» What is being asked
After finding "2025 Pokemon Meg" in a line below, print that line and the rest of the lines exactly, leaving out all pictures.

» Material supplied
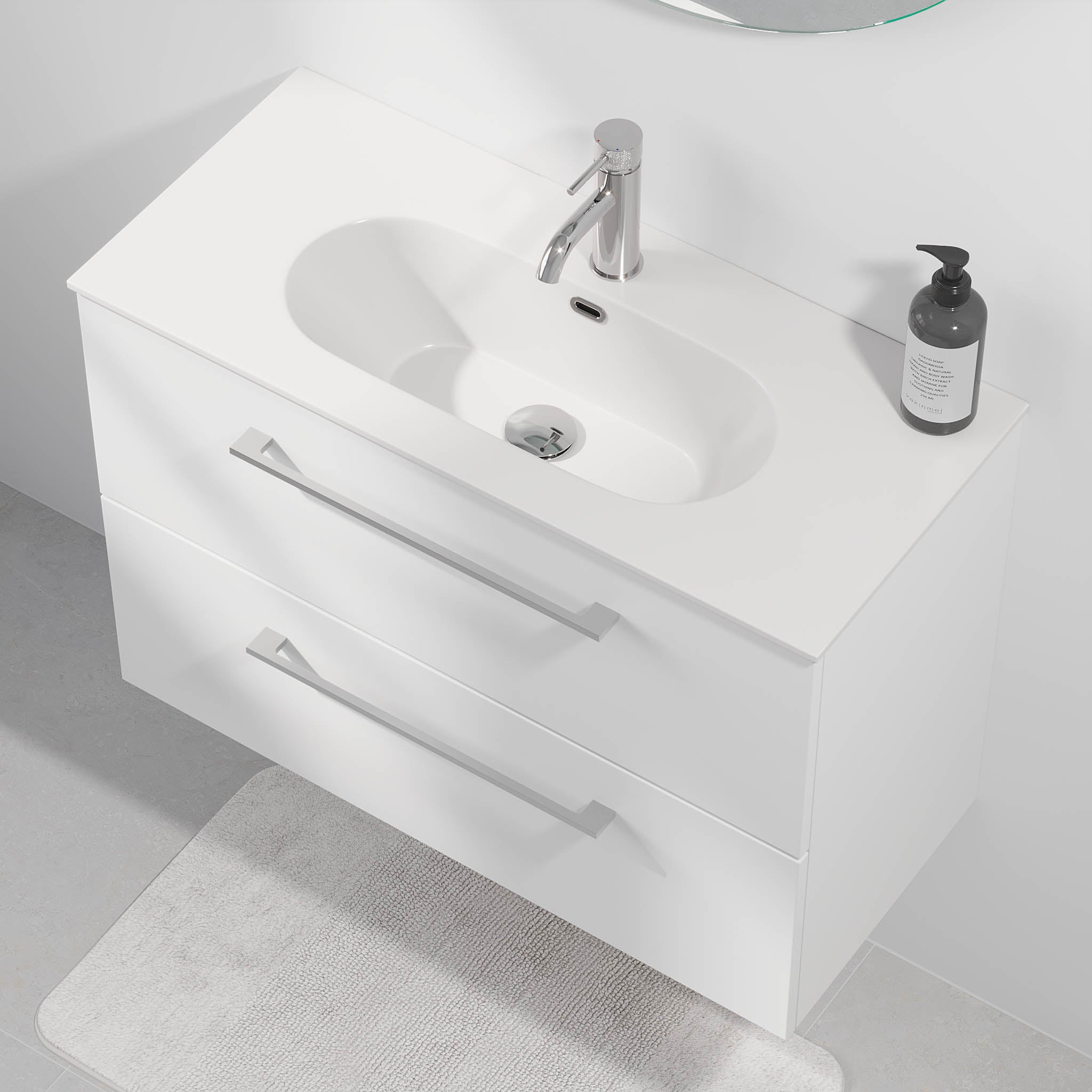 Harstad Badrumsmöbel Slimline, Vit Matt - Tvättställsskåp - BATH DELUXE - EXCLUSIVE - 75 - 060 - 72 - 01 - 41 - BATHDELUXE SWEDEN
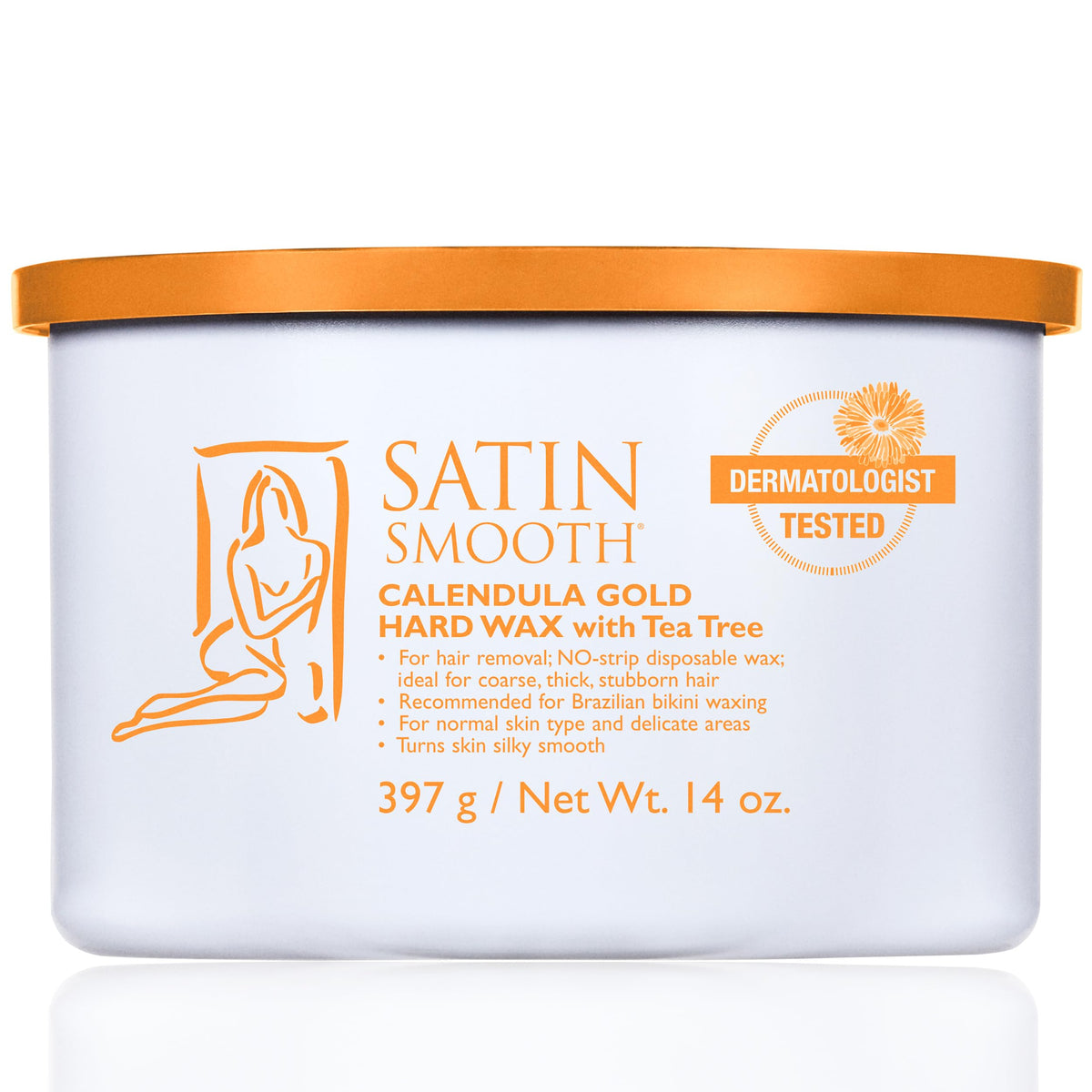 Satin Smooth Calendula Gold Hard Wax 14oz front view
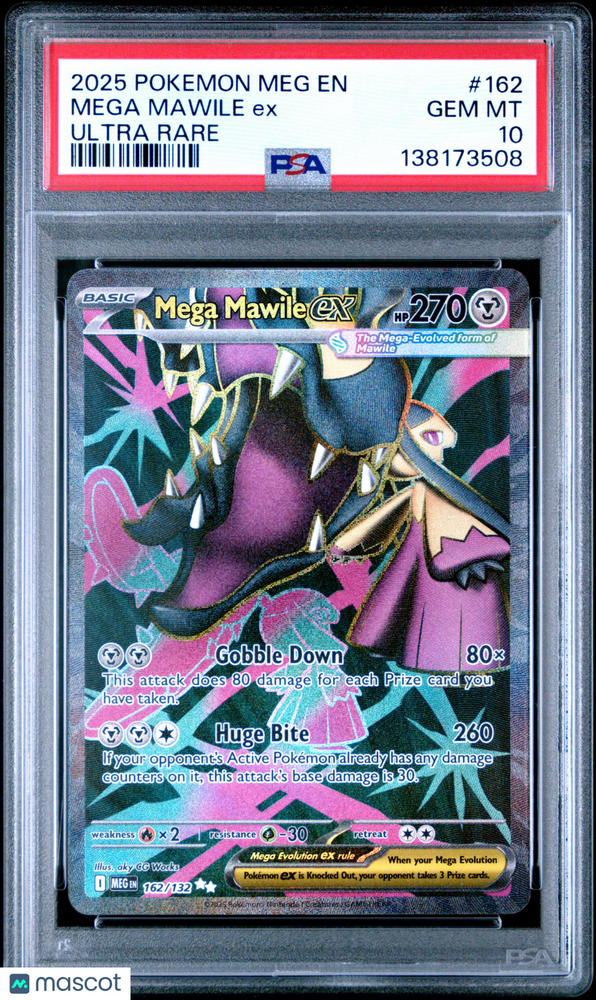 2025 Pokemon Meg EN-Mega Evolution Mega Mawile EX #162 Ultra Rare PSA 10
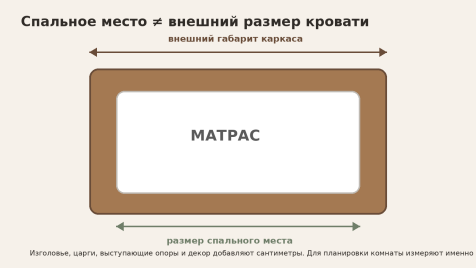 Схема 2. Размер матраса и наружный размер каркаса нужно учитывать отдельно.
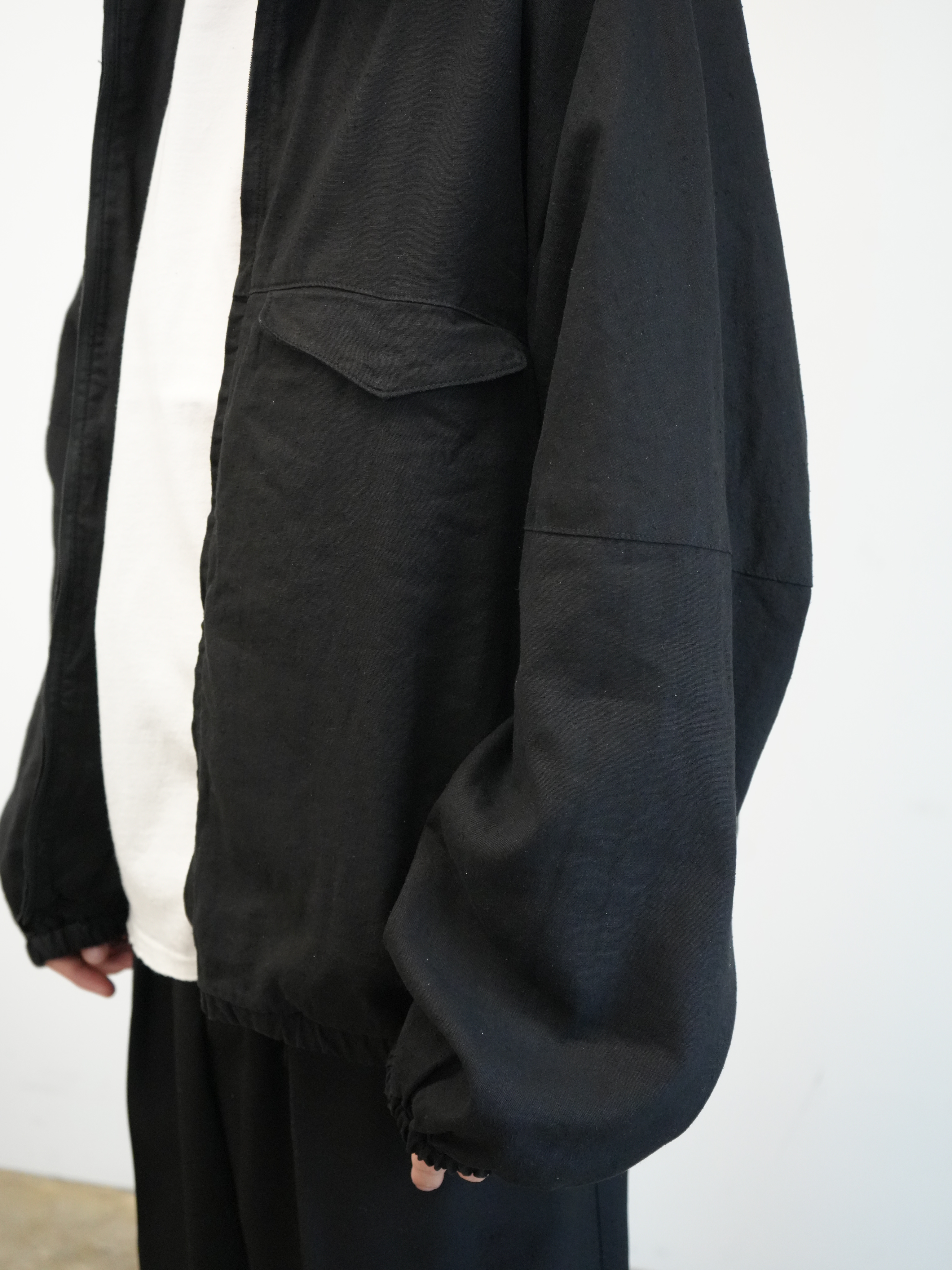 SILK NEP KIMONO BLOUSON(BLACK)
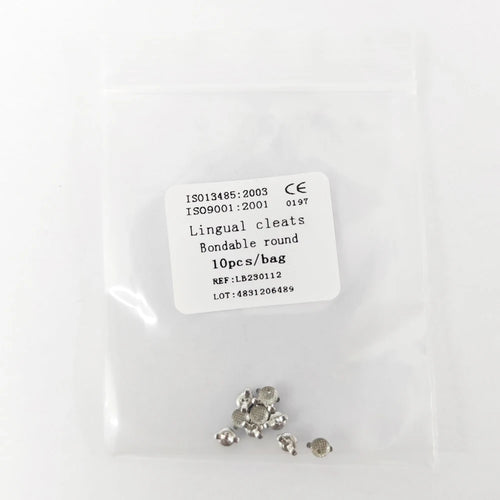 10pcs/Pack Dental Orthodontic Lingual Button Bottom Bondable Metal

» Written reply
 2025 Pokemon Meg EN-Mega Evolution Mega Mawile EX #162 Ultra Rare PSA 10
 Схема 2. Размер матраса и наружный размер каркаса нужно учитывать отдельно.
 SILK NEP KIMONO BLOUSON(BLACK)
 10pcs/Pack Dental Orthodontic Lingual Button Bottom Bondable Metal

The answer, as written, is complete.